## Work task
Keep only the lines of the listing that include the word "Label", and copy them.
###
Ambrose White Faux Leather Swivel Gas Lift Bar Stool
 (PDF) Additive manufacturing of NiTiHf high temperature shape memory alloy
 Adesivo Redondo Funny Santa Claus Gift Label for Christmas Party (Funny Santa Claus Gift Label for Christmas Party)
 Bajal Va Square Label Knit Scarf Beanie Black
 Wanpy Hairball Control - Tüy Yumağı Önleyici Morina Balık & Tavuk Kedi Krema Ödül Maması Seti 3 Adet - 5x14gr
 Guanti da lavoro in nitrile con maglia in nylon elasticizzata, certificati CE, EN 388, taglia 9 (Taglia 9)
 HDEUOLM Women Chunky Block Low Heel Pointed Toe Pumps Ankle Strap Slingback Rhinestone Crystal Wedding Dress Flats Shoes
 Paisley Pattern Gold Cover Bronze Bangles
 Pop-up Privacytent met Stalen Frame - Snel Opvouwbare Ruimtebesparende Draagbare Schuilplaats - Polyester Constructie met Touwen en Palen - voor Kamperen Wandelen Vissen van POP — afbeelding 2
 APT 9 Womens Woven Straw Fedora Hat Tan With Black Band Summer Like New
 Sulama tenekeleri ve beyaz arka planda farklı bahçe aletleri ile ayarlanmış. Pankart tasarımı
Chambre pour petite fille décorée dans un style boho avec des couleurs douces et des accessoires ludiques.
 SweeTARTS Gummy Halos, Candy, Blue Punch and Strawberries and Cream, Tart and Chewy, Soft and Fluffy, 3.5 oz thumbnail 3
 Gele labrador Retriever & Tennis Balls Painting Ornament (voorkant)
###
## Worked solution
 Adesivo Redondo Funny Santa Claus Gift Label for Christmas Party (Funny Santa Claus Gift Label for Christmas Party)
 Bajal Va Square Label Knit Scarf Beanie Black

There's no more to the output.